2024-01-31 Thread Alan Coopersmith

On 1/31/24 11:01, Enrico Weigelt, metux IT consult wrote:

Hello folks,


I wonder whether the _X_INLINE still needed (inside X server codebase).

It's coming from  from xproto (>=7.0.9) and seems to
tbe just workaround for old compilers that didn't understand the inline
keyword yet. (personally, don't actually recall having one that didn't,
must be decades ago :p)

Does the xserver still need to support such compilers that don't know
the inline keyword yet ?


In public headers, I'd say it's still needed, as we've always supported
compiling applications against our libraries in strict C89 mode (i.e.
-std=c89, not gnu89 or similar modes that allow extensions), and it's
easier to leave it in those headers than to announce we're dropping that
support.  (At least for existing headers, it's probably not necessary in
new headers, but we don't create those very often these days.)
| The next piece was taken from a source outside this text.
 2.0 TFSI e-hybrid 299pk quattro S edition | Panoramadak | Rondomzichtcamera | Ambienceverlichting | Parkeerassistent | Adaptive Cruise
In the Xserver code base itself, where it's not exposed to other software,
I think it's fine to just use a bare "inline", as we already use & require
other C99 features in that code base.

(Currently the only compiler checks in Xfuncproto.h are for gcc with
 extensions, or for version 5.5 or later of the Sun cc compiler, which
 was released as part of Sun Studio 8 in 2003 - and all prior versions
 of that compiler have been unsupported by its vendor since 2010.)